14 Pa. D. & C.2d 188, 1957 Pa. Dist. & Cnty. Dec. LEXIS 452
CourtPennsylvania Court of Common Pleas, Mercer County
DecidedJune 27, 1957
Docketno. 1
StatusPublished

This text of 14 Pa. D. & C.2d 188 (Rosenblum v. City of Sharon) is published on Counsel Stack Legal Research, covering Pennsylvania Court of Common Pleas, Mercer County primary law. Counsel Stack provides free access to over 12 million legal documents including statutes, case law, regulations, and constitutions.

Bluebook
Rosenblum v. City of Sharon, 14 Pa. D. & C.2d 188, 1957 Pa. Dist. & Cnty. Dec. LEXIS 452 (Pa. Super. Ct. 1957).

Opinion

Rodgers, P. J.,

On November 19, 1956, the City of Sharon passed an ordinance declaring certain structures to be nuisances, and ordering their abatement after notice to be given by designated city employes and providing for penalties for failure to act after notice. On February 19, 1957, plantiff received from defendants, sanitary officer and building officer, a letter signed by them which was later posted on his building stating that his property at 180 Shenango Avenue “in the opinion of the Building Officer and Sanitary Officer” constituted “a public nuisance” in violation of Ordinance No. 39-56 and “it is the Order of the Building Officer and Sanitary Officer that said nuisance be abated and removed by March 25, 1957.”

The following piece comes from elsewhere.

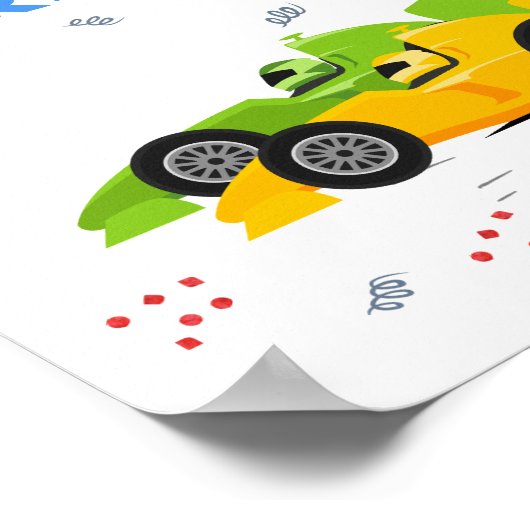 Twee snelle 2e verjaardag Kinder raceauto's naam Poster (Hoek)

On March 27, 1957, plaintiff filed a complaint in equity praying, inter alia, that Ordinance No. 39-56 be decreed unconstitutional, illegal and void and that the city be enjoined from enforcing it. A preliminary injunction was entered March 27, 1957, and hearing and argument was held on April 2,1957, at which time it was agreed that the facts which the court should consider should consist of:

(1) Ordinance No. 39-56, attached hereto, as appendix A.

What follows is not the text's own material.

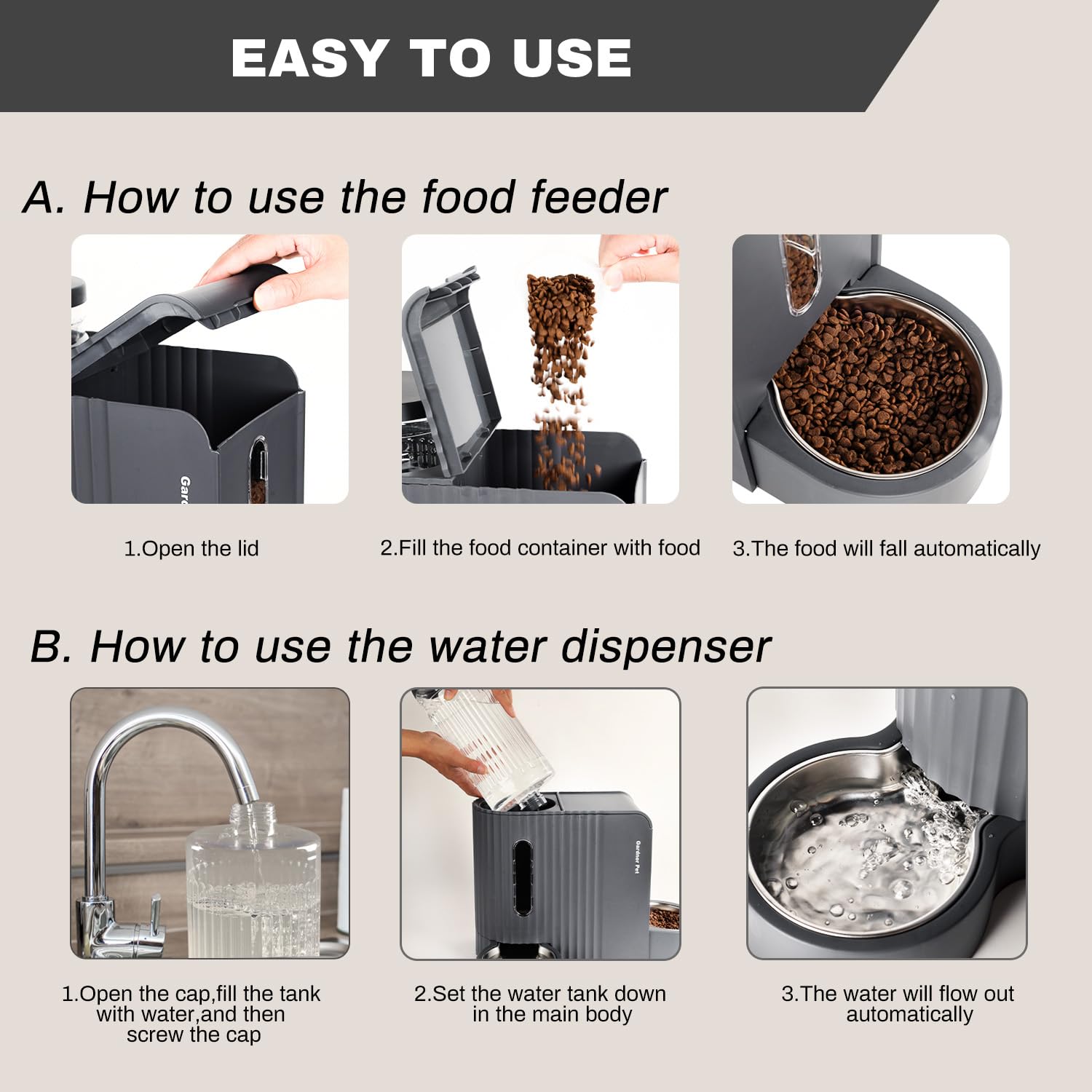 Gardner Pet large capacity container ready for daily use while you’re away.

(2) The notice to plaintiff from the sanitary officer and the building officer attached hereto as appendix B.

(3) On February 21, 1957, there was posted on plaintiff’s house, a poster signed by the building officer stating that, in their opinion, plaintiff’s dwelling house was a public nuisance and ordering that it be abated [190]*190and removed by March 25, 1957. The notice also set out the penalty provisions of fine or imprisonment provided by the ordinance.

(4) On March 11, 1957, counsel for plaintiff wrote to said officers and to the solicitor of defendant, requesting that plaintiff or his counsel be informed of the facts on which the building officer and sanitary officer’s actions were based. No answer to this request has been received by plaintiff.

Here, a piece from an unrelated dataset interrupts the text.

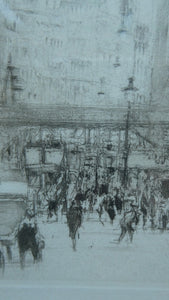 SCOTTISH ART. William Walcot (1874 - 1943). Signed Drypoint Etching. Ludgate Hill, London (1915)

Ordinance No. 39-56 declares the following structures to be public nuis'ances:

“(1)' Any structure which is unoccupied for a continuous period of 15 days
“a. having any of the windows or doors in said structure broken out and either boarded up or left open.
“b. having any . . . outside part of the structure broken off, dilapidated or open so that access can be had to the building without the use of a key, or open so that access could be had without the use of a key or so that rain, snow, animals, birds, vermin, and other deleterious substances or things are not excluded from the building.
“(2) Any structure occupied by people
“a. lacking the sanitary services required by state and local law.
“b. lacking sufficient rooms and sanitary beds for the occupants of the building within the requirement ‘of the sanitary and moral laws of the state and city’.
“(3) Any structure
“a. which is abandoned, dilapidated, unsafe, unsanitary or uninhabitable in the opinion of the sanitary office and is left so that it may be entered without the use of a key.
“b. which, in the opinion of the sanitary officer is not fit for human habitation.”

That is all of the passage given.